Our proposed burst detection method is not only applicable for analyzing social media data but can also be applied to analyze financial markets where each trader’s behavior may be influenced by other traders (endogeneity) or external news (exogeneity). It may also be applied to analyze burst phenomena in complex systems such as computer networks and servers. For example, the internet traffic burst that threats network security and affects user experience may be caused by endogenous factors (such as uneven and clustered usage) or external factors (cyber-attack or other extraordinary events). Our method can help to detect abnormality, identify the root causes of the bursts, and improve system performance.

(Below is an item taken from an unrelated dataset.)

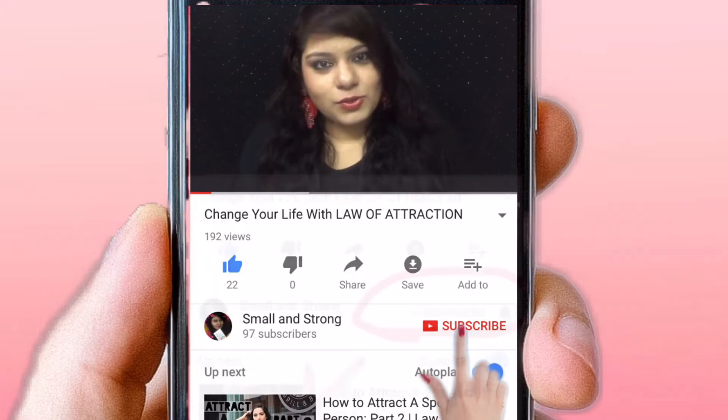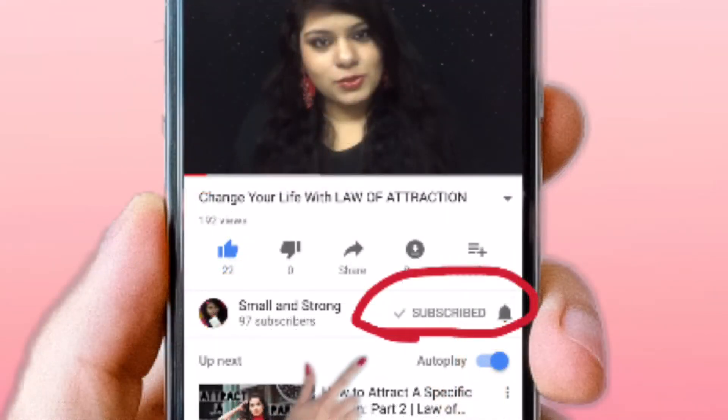Don't forget to click the red subscribe button below the video and join us with our channel. It's free!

The limitations of this paper are as follows. Firstly, due to the limited API usage and access provided by Weibo, we only obtained comments under posts published by 1600 official accounts. Compared to the large user population in Weibo, our results may not represent the whole user group. By using the comment data, we may constrain the topics being discussed among the users by the contents published by the official accounts. Ideally, our method could be better applied to the full posts data for detecting emotion bursts in the real public sphere. Secondly, we assumed that under the endogenous burst scenario, the rate of arrival is dependent on the average rate of comments over past \(\varphi\) period where \(\varphi\) is a constant value for the given time series segment. This assumption is based on the intuition that users tend to read the latest comments over a certain period and then post a comment. However, the actual user behavior and the way that the comments are presented to users (for example, the most liked or interacted comments are promoted to the top) may be more dynamic and more complicated. Thirdly, we analyzed the six emotions independently, but not looking into the synergy between emotions. We are interested in exploring this topic as a future work.